I told him to take a flying something.
Maybe I didn’t know the law, but I knew Forty-A. In certain circles it’s known simply as Fucker-Forty. Under it—the state’s own legislation—he’d be able to sue the county and this V.R. advocate in particular for loss of livelihood—his and hers—and probably win after appeals.
This was the last thing Antalou or any of us needed.
The guy was still smiling.
“You’ve kept that face for a reason, Doctor. What do young girls think of it?”
I hung up on him.
* * *
With Antalou’s help I got her into the Huntington on Normandy, a maternal unit for sedated Ward B types. Some of the other women had seen her on the news two evenings before; some hadn’t. It didn’t matter, I thought. It was about as good a place for her to hide as possible, I told myself. I was wrong. Everything’s on computer these days, and some information’s as cheap as a needle.
I get a call the next morning from the unit saying a man had gotten in and tried to kill her, and she was gone.
* * *
I’m thinking of the ones I’ve lost, Lissy. The tenth-generation maggot casings on the one in Koreatown, the door locked for days. The one named Consejo, the one I went with to the morgue, where they cut up babies, looking for hers. The skinny one I thought I’d saved, the way I was supposed to, but he’s lying in a pool of O-positive in a room covered with the beautiful pink dust they used for prints.
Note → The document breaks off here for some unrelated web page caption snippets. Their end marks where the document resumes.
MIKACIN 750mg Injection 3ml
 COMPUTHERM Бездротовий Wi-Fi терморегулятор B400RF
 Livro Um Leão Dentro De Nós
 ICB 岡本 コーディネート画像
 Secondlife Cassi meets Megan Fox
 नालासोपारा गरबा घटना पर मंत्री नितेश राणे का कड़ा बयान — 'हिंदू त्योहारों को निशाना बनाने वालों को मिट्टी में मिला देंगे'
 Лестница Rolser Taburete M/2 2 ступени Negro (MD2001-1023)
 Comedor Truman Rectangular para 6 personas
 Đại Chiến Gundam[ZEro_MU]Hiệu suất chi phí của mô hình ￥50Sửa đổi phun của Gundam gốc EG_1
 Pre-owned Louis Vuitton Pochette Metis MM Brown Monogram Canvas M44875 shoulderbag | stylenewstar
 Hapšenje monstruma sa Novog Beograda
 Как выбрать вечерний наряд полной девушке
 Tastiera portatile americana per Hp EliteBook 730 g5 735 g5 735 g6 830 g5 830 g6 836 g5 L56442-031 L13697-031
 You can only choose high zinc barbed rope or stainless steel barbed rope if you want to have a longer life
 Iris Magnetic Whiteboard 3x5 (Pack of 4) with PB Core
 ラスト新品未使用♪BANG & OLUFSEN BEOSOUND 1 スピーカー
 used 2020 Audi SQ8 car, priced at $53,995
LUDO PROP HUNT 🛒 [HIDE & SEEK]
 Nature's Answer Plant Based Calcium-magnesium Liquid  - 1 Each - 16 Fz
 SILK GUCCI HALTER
Or the ones when I was a kid, East L.A., Fontana, the drugs taking them like some big machine, the snipings that always killed the ones that had nothing to do with it—the chubby ones, the ones who liked to read—the man who took Karenna and wasn’t gentle, the uncle who killed his own nephews and blamed it on coyotes, which weren’t there anymore, hadn’t been for years.
I’m thinking of the ones I’ve lost, Lissy.
* * *
I looked for her all day, glad to be out of the apartment, glad to be away from a phone that might ring with a slick lawyer’s face on it.
When I went back to the apartment that night to pick up another change of clothes for the hotel room, she was sitting crosslegged by the door.
“Lissy,” I said, wondering how she’d gotten the address.
“I’m sorry,” she said.
She had her hand on her belly, holding it not out of pain but as if it were the most comforting thing in the world.
“He wants to kill me. He says that anybody who has an animal growing in her is a devil and’s got to die. He fell down the stairs. I didn’t push him, I didn’t.”
She was crying, and the only thing I could think to do was get down and put my arms around her and try not to cry myself.
“I know, I know,” I said. The symptoms were like Parkinson’s, I remembered. You tripped easily.
I wasn’t thinking clearly. I hadn’t had more than two or three hours of sleep for three nights running, and all I could think of was getting us both inside, away from the steps, the world.
* * *
Maybe it was fatigue. Or maybe something else. I should have gotten her to a hospital. I should have called Mendoza for an escort back to his unit. What I did was get her some clothes from the bedroom, keep my eyes on the rug while I was in there, and lock the door again when I came out. She didn’t ask why neither of us were going to sleep in the bedroom. She didn’t ask about the lock. She just held her belly, and smiled like some Madonna.
I took two Dalmanes from the medicine cabinet, thinking they might be enough to get the pictures of what was in that room out of my head.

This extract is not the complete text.